The colt's demise, followed by Bravefoot finishing last when favourite in the meeting's Champagne Stakes, was later explained by the presence of drugs in the bloodstream. Two years on, the perpetrators of the Town Moor dopings are still at large and neither of the colts has won another race.

Barry Hills, Norwich's trainer, believes his horse has not suffered any long-term damage, however. 'He was second in the Prix de la Foret soon afterwards and the reason he didn't run last year was because he was injured before the Lockinge,' Hills said yesterday. 'What happened to him was just like you or I having a tranquilliser.
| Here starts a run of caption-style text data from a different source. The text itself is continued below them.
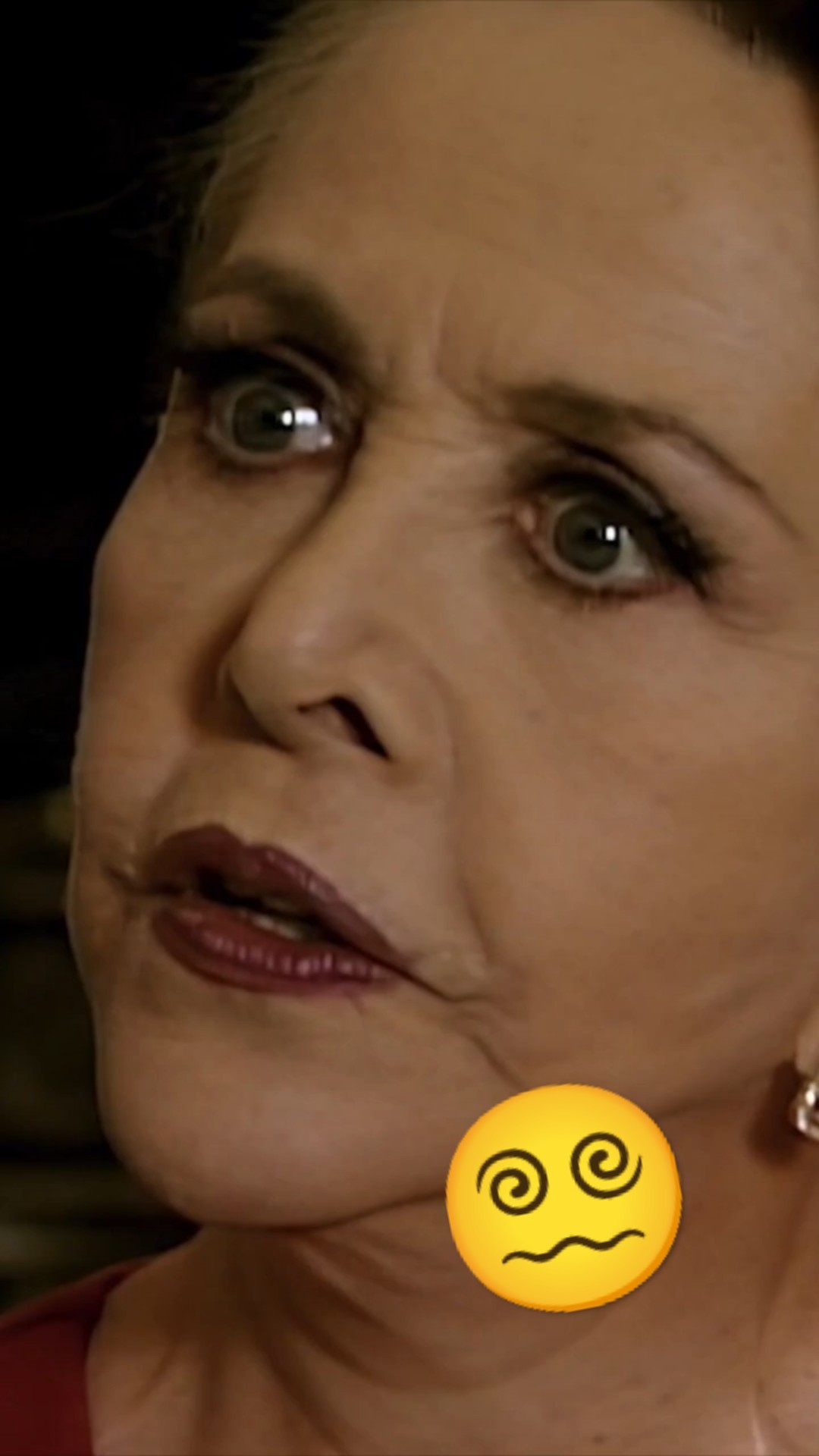 Me arrepentí de haberme arrepentido ? #salomé #tlnovelas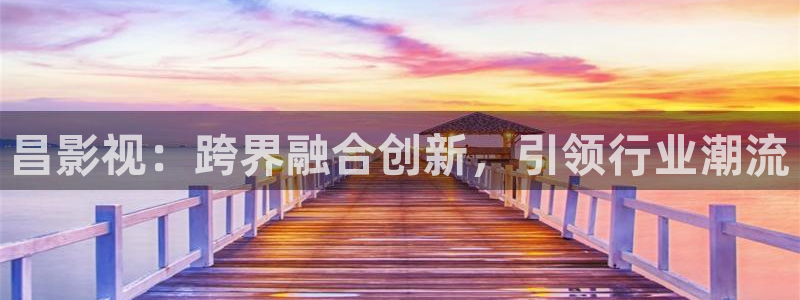 奇奇网影院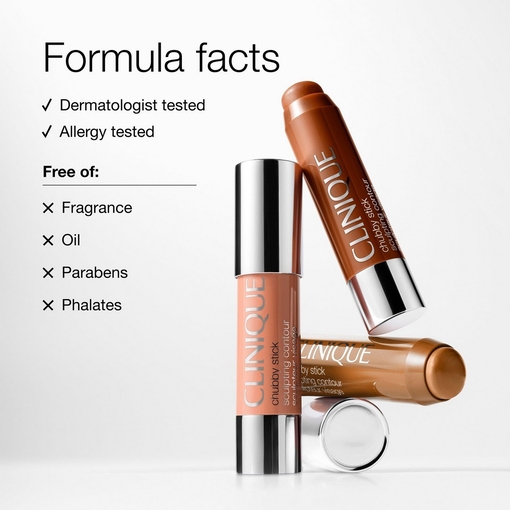 Product Chubby Stick™ Sculpting Contour 6g base image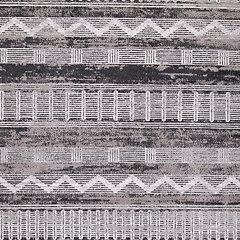 Henchester 8' x 10' Rug - Luxury Home Furniture (MI)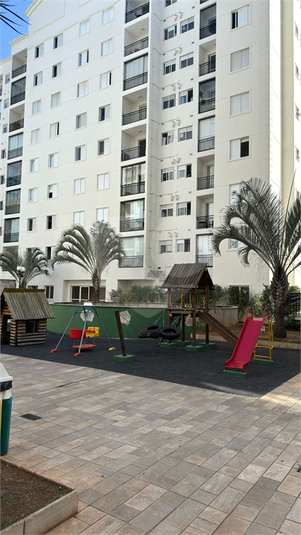 Foto REO1112749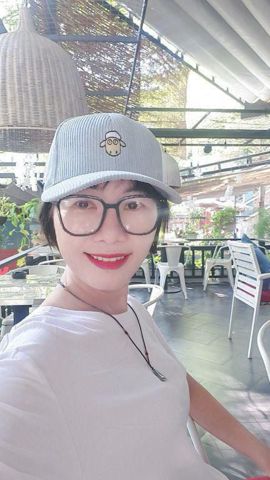 Bạn Nữ Quyên Độc thân 36 tuổi Tìm bạn bè mới ở Bình Thạnh, TP Hồ Chí Minh
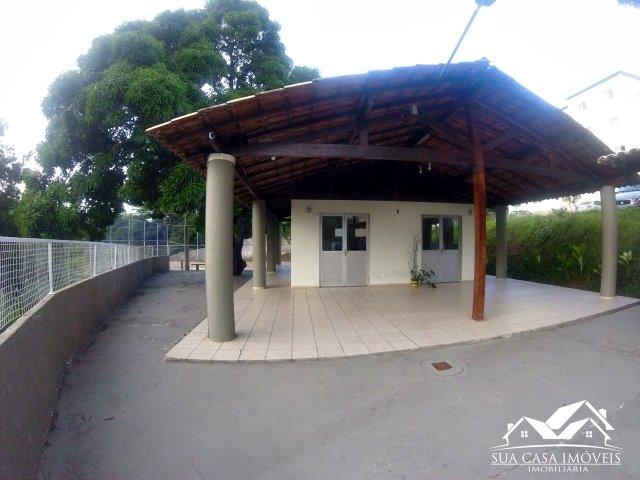 MG Apartamento 2 Quartos - Condomínio Parque dos Pinhos 3 - Barato - Foto 15
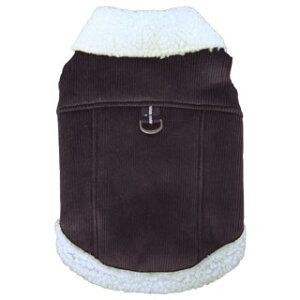  hbOEFA ̕ xXg R[fC {A OJ S M L XL x[W sN uE ybg ؍ ^ ^ ` gCv[h H~ h g ₷  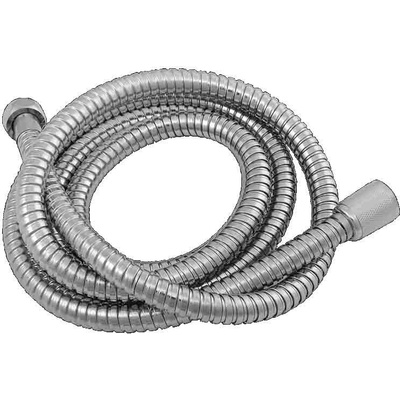 Kuchinox 60-1766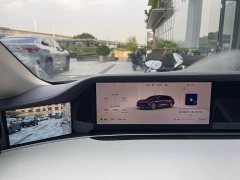 Tesla S9T EV AWDUltra (192) - фото 15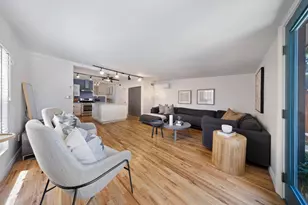2631 Alco Ave, Dallas, TX 75211 - Photo 13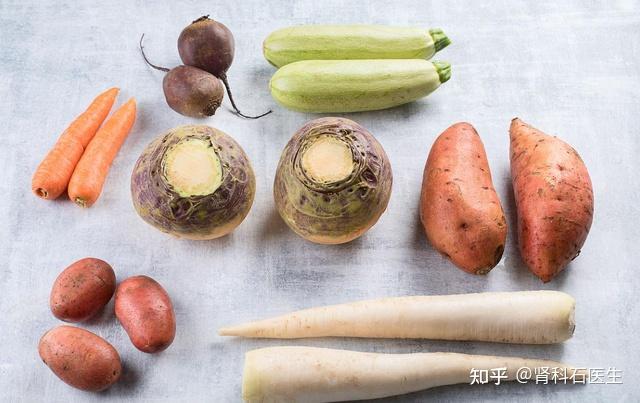 吃什么补硒得最快最好(补硒多吃什么)-硒宝网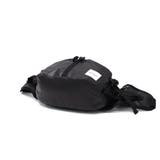 正規品 マキャベリック ウエストバッグ | ギャレリア Bag＆Luggage | 詳細画像14 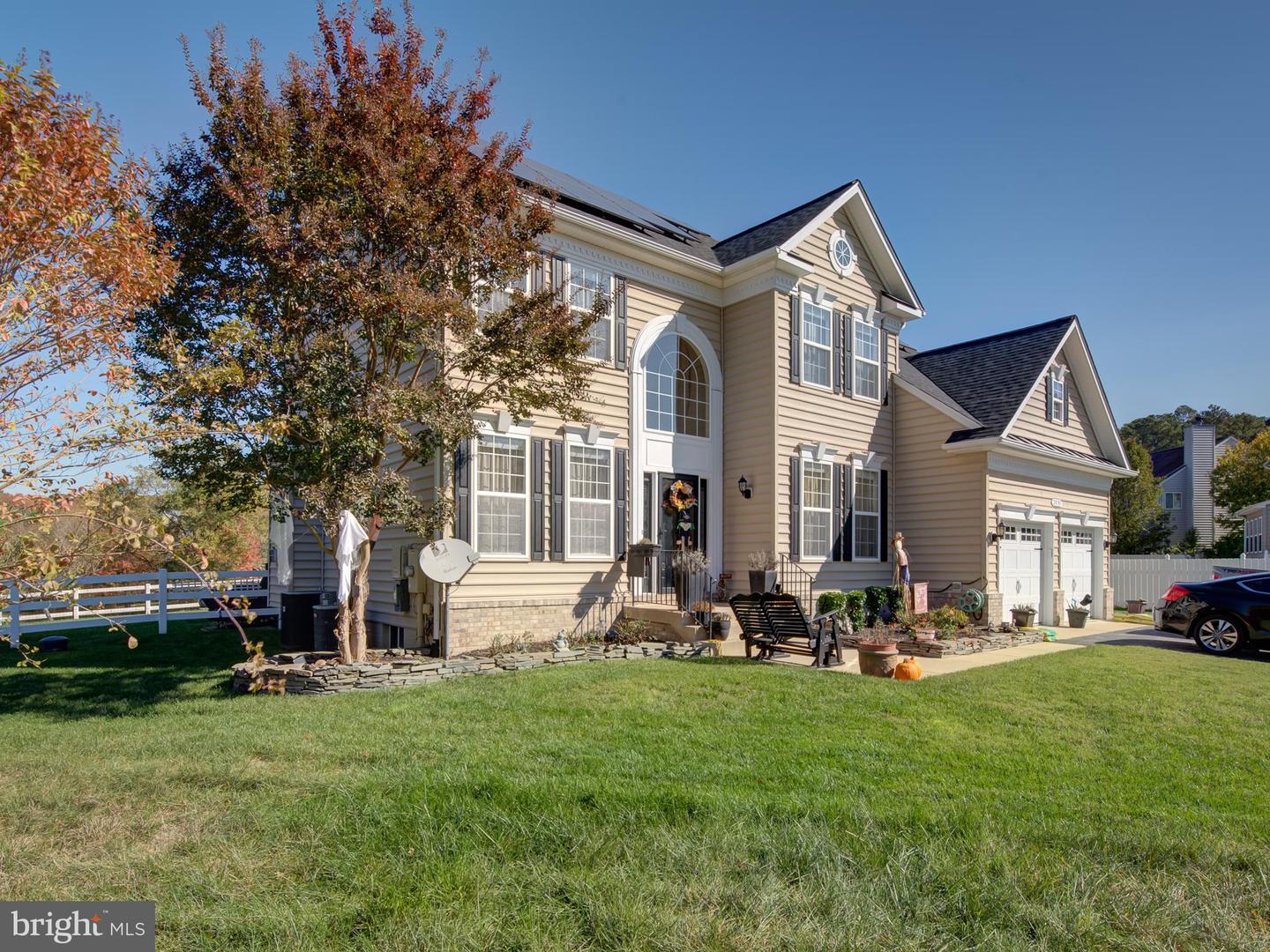 20785 Brook Mill Ct Property Photo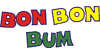 Bon Bon Bum - Chupa chups y caramelos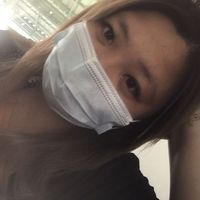 Fotos von Novia Angela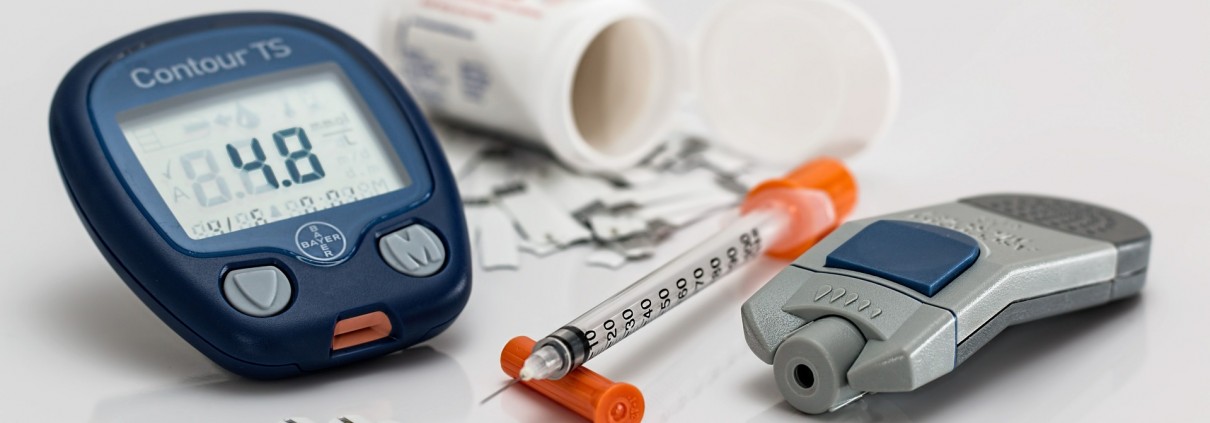 prevenir diabetes tipo 2
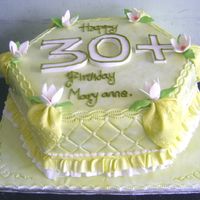 Dsc01450.jpg Happy Birthday for over 30s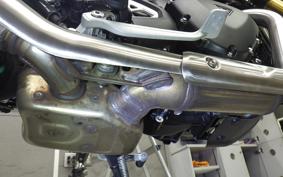 TRIUMPH SPEED 400 2024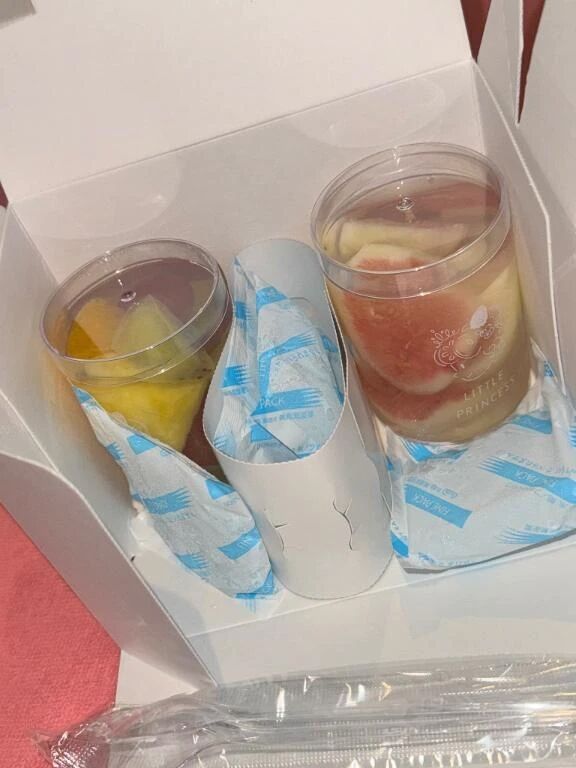 昨日の3枠目のお兄様&#9728;&#65039;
In a few days it was gone.'

Even if Norwich was back to the peak of his powers for this year's running of the Kiveton Park he would struggle though, as in Pursuit Of Love (3.10) he faces a rival who won in better company than this in France last month.

Hills should capture the card's other Group Three race, the Doncaster Cup, with Further Flight (4.10), whom he nominates as second only to his 1973 Prix de l'Arc de Triomphe winner Rheingold in a list of career favourites.

While Rheingold earned his place with efforts at the highest level, the grey's standing has come through consistency. 'You don't get many horses that go on for more than two seasons so when horses like Further Flight, Nomadic Way or Sea Pigeon come along they earn a place in the public's affection,' Hills said. 'Plus he's a super horse to have around, he's a great character and, most of all, he's won me a lot of races.'

Hills has juggled with the idea of sending Further Flight jumping in the past, only to meet resistance from perhaps the one man who values the horse more, his owner-breeder Simon Wingfield Digby. He should be rewarded by another healthy prize today.

The first televised race features six horses who ran in the Ebor, and there seems little reason why the best of them on the Knavesmire, Brier Creek (next best 2.35), should not come out on top again. John Gosden, the colt's trainer, has selected this race in preference to an event later in the week for Brier Creek.

The sprint handicap may go to a man, who, if Henry Cecil was removed from calculations, would possess the best strike-rate of any trainer in the land. Roger Charlton, whose horses are running particularly well at the moment, is represented by ARBORETUM (nap 3.40), who is 3lb lower in the handicap than when finishing just behind subsequent winners at Newmarket 12 days ago.